→ TASK DIRECTIONS
Would you output the entries below only from the line containing "Corvin Avenue Premium" through the line containing "How Pollution Affects the Food Chain", exactly as they stand and with both ends included?
GIVEN DATA section start
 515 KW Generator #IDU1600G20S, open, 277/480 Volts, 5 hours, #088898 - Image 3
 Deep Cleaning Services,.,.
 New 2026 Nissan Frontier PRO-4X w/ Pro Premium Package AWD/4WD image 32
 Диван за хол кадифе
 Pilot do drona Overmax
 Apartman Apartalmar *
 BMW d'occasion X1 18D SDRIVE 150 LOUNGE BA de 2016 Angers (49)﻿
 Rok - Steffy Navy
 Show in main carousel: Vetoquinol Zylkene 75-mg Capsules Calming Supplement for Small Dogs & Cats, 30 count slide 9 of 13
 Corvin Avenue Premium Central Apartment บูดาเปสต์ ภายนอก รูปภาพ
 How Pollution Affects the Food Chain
GIVEN DATA section end
GIVEN DATA section start
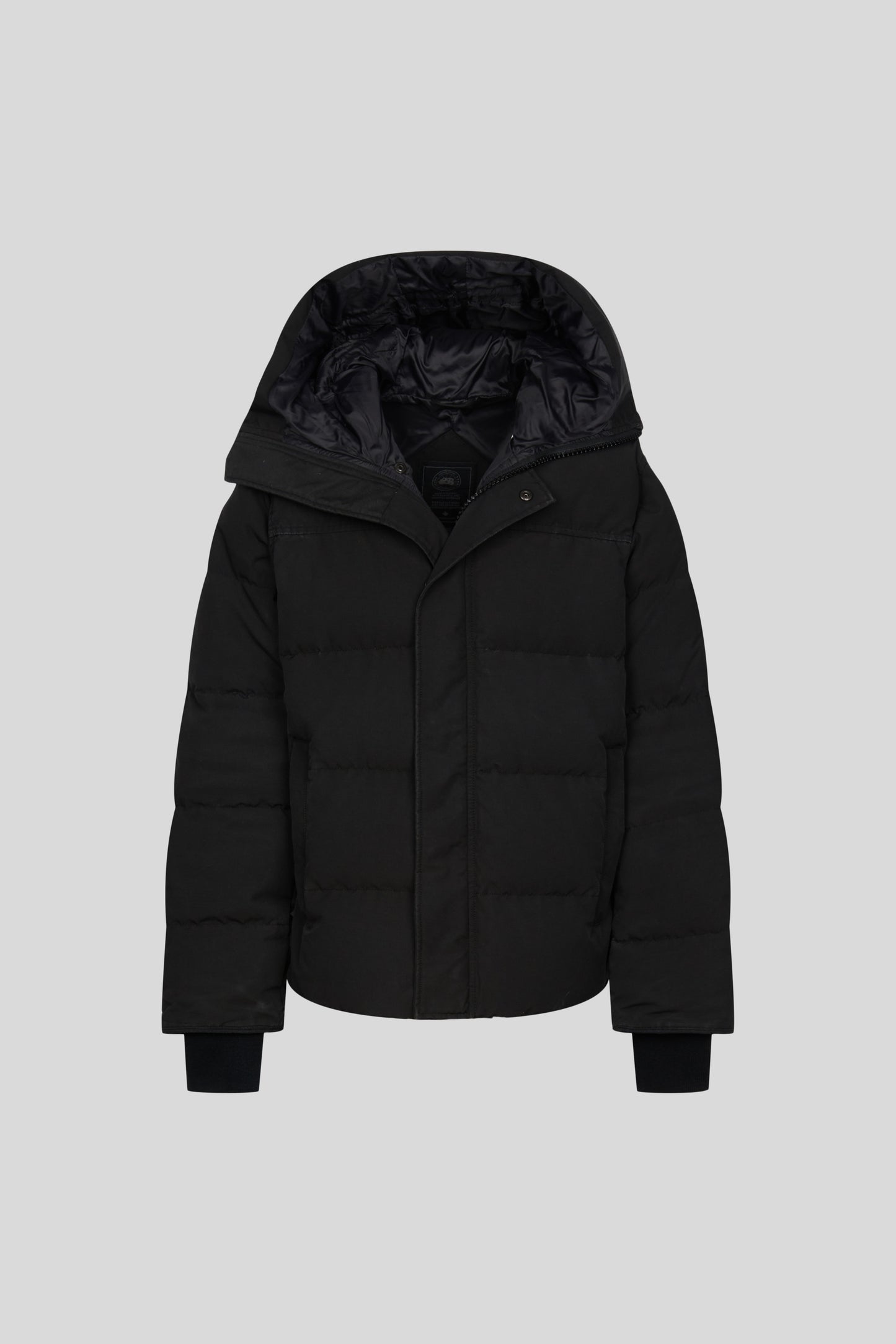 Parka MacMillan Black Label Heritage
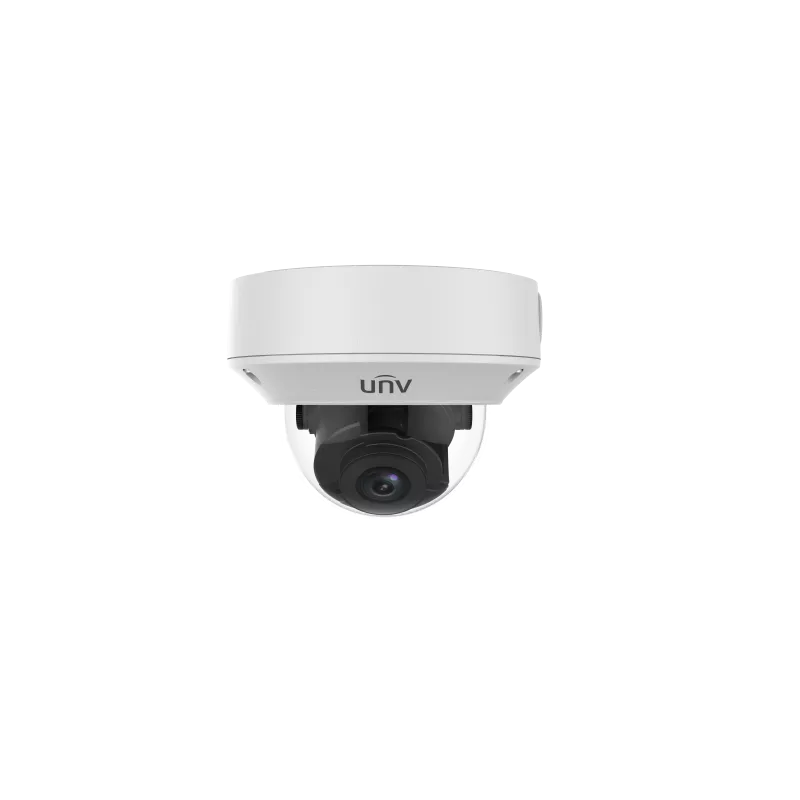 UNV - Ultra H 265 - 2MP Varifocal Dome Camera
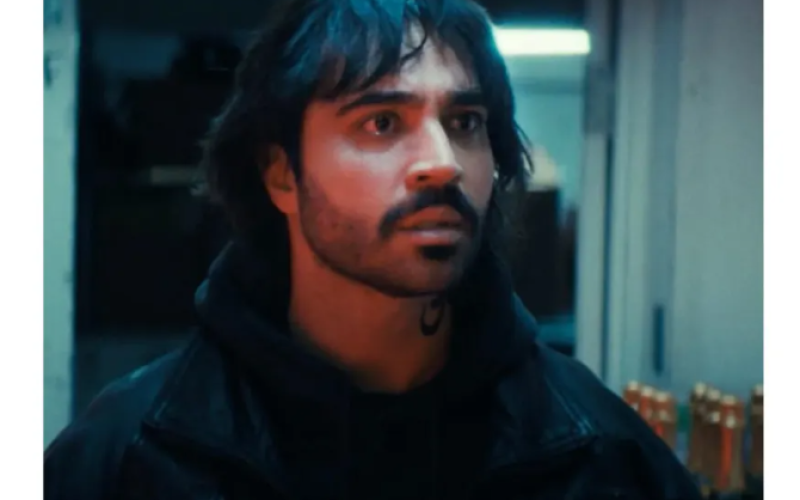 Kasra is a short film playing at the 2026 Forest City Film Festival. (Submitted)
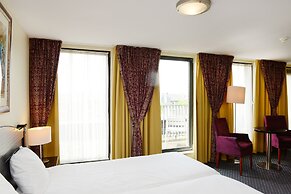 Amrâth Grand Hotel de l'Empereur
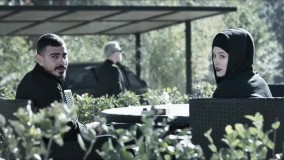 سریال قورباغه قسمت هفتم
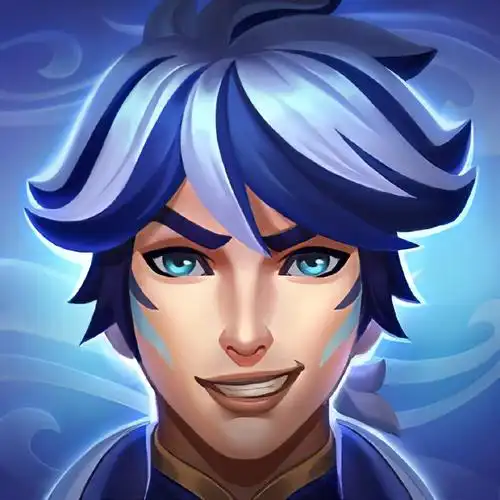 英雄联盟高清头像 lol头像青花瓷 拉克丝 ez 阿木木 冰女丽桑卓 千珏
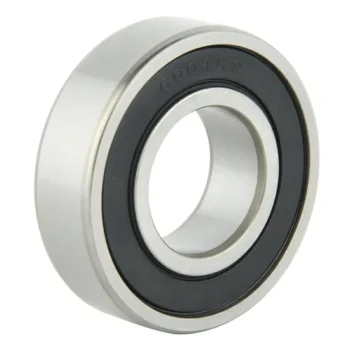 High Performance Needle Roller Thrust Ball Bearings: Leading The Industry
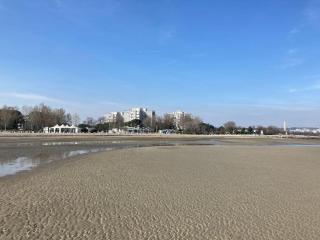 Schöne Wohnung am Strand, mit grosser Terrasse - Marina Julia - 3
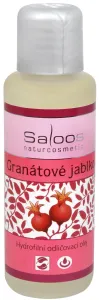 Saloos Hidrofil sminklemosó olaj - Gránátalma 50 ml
GIVEN DATA section end
→ RESPONSE BOX
 Corvin Avenue Premium Central Apartment บูดาเปสต์ ภายนอก รูปภาพ
 How Pollution Affects the Food Chain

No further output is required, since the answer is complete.